(Visão de Rafael)
Quando a porta se fechou atrás da Lorena, eu fiquei encarando por um segundo o espaço vazio, como se pudesse puxá-la de volta só com o pensamento.
Merda… ela ouviu aquilo e eu senti na hora o jeito que ela me olhou antes de sair…
Doeu em mim mais do que eu queria admitir.
Viro para Sophia, já com a paciência no limite.
— Por que você falou isso aqui? — minha voz saiu mais dura do que eu pretendia.
Ela dá de ombros, fingindo inocência.
— Porque não achei que fosse segredo.
Ela dá alguns passos na minha direção, me analisando como quem tenta juntar peças de um quebra-cabeça.
— Tem alguma coisa rolando entre você e a… secretariazinha?
Passei a mão no rosto, tentando não perder a cabeça.
— Não tem nada, Sophia. — E isso é mais verdade do que eu queria que fosse. — E eu preciso trabalhar.
Ela dá mais um passo, sempre tentando invadir um espaço que não é mais dela. Ou talvez nunca tenha sido.
— Ai, Rafael, para de ser chato — ela faz um biquinho, como se isso fosse resolver alguma coisa.

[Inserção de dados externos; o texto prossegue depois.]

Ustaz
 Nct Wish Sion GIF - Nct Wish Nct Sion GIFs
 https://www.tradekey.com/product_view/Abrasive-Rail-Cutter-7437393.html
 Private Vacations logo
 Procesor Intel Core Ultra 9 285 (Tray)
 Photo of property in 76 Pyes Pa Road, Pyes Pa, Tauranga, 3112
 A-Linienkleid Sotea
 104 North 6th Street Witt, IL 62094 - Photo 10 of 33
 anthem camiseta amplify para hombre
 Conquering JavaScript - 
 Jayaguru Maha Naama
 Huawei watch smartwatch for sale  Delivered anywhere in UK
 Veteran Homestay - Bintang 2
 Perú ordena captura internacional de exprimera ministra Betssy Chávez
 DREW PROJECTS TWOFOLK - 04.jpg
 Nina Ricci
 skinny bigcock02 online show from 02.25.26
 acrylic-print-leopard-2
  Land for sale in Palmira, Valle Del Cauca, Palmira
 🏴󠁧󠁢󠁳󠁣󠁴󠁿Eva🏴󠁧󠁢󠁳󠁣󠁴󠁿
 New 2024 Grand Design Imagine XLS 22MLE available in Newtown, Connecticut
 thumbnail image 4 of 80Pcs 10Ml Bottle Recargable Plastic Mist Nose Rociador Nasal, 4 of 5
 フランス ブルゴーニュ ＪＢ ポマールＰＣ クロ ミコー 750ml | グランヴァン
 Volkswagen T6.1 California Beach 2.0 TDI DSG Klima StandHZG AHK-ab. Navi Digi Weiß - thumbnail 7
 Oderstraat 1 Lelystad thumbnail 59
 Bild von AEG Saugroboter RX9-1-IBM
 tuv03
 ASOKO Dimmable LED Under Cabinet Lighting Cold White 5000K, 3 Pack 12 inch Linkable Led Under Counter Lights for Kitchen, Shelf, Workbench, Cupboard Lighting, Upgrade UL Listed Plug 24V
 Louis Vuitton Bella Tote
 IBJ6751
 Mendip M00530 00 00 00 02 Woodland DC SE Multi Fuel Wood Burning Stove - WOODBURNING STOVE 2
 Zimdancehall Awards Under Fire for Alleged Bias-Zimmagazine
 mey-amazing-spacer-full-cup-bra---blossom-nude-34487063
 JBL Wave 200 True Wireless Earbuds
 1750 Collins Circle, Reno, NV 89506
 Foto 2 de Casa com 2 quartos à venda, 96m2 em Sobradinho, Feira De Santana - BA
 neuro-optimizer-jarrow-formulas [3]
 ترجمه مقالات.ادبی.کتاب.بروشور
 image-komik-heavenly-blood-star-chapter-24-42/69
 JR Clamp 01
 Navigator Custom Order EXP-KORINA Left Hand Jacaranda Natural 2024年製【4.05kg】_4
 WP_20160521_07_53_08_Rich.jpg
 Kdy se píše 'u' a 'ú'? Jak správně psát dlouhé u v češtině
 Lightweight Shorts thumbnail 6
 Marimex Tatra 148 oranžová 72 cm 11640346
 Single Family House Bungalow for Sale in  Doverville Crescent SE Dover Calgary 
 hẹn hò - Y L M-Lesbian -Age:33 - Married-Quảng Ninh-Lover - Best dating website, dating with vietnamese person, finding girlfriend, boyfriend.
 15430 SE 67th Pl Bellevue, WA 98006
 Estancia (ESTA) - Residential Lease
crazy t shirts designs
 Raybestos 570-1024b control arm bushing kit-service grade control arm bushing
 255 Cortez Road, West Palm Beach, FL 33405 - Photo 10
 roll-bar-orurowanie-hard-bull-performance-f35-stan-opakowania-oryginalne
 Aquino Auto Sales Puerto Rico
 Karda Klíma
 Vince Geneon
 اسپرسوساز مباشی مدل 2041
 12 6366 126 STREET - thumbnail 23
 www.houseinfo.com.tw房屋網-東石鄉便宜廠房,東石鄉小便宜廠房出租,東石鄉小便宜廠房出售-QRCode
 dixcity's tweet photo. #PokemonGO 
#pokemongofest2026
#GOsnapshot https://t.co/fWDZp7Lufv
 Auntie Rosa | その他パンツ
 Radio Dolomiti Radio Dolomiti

— Sophia. — Olho firme. — Para. O que quer que você esteja pensando, desiste. Eu realmente preciso trabalhar.
Ela revira os olhos, claramente irritada por não estar conseguindo o que quer.
— Tá bom… eu só vim deixar o seu anel mesmo. — limpou a expressão, forçando um sorriso e pegou a bolsa da poltrona. — Vou viajar hoje, aliás.
— Boa viagem — respondo num tom neutro, cansado.
Ela sorri, j**a o cabelo para trás e finalmente sai, deixando o perfume forte no ar… e não é nada disso que eu quero sentir.
Assim que a porta fecha, solto o ar como se estivesse segurando desde cedo. Passo as mãos no rosto outra vez, massageando as têmporas.
Por que tudo tem que virar uma confusão? Por que justo hoje, justo agora… e por que a Lorena tinha que ouvir aquilo?
Antes que eu consiga pensar por mais de dois segundos, meu celular vibra na mesa e vejo que era da delegacia.
Meu estômago trava por instinto, mas eu atendo.
— Alô?
A voz do outro lado é direta, sem rodeios:
“Senhor Rafael Fonseca, gostaríamos que o senhor comparecesse à delegacia hoje à tarde.”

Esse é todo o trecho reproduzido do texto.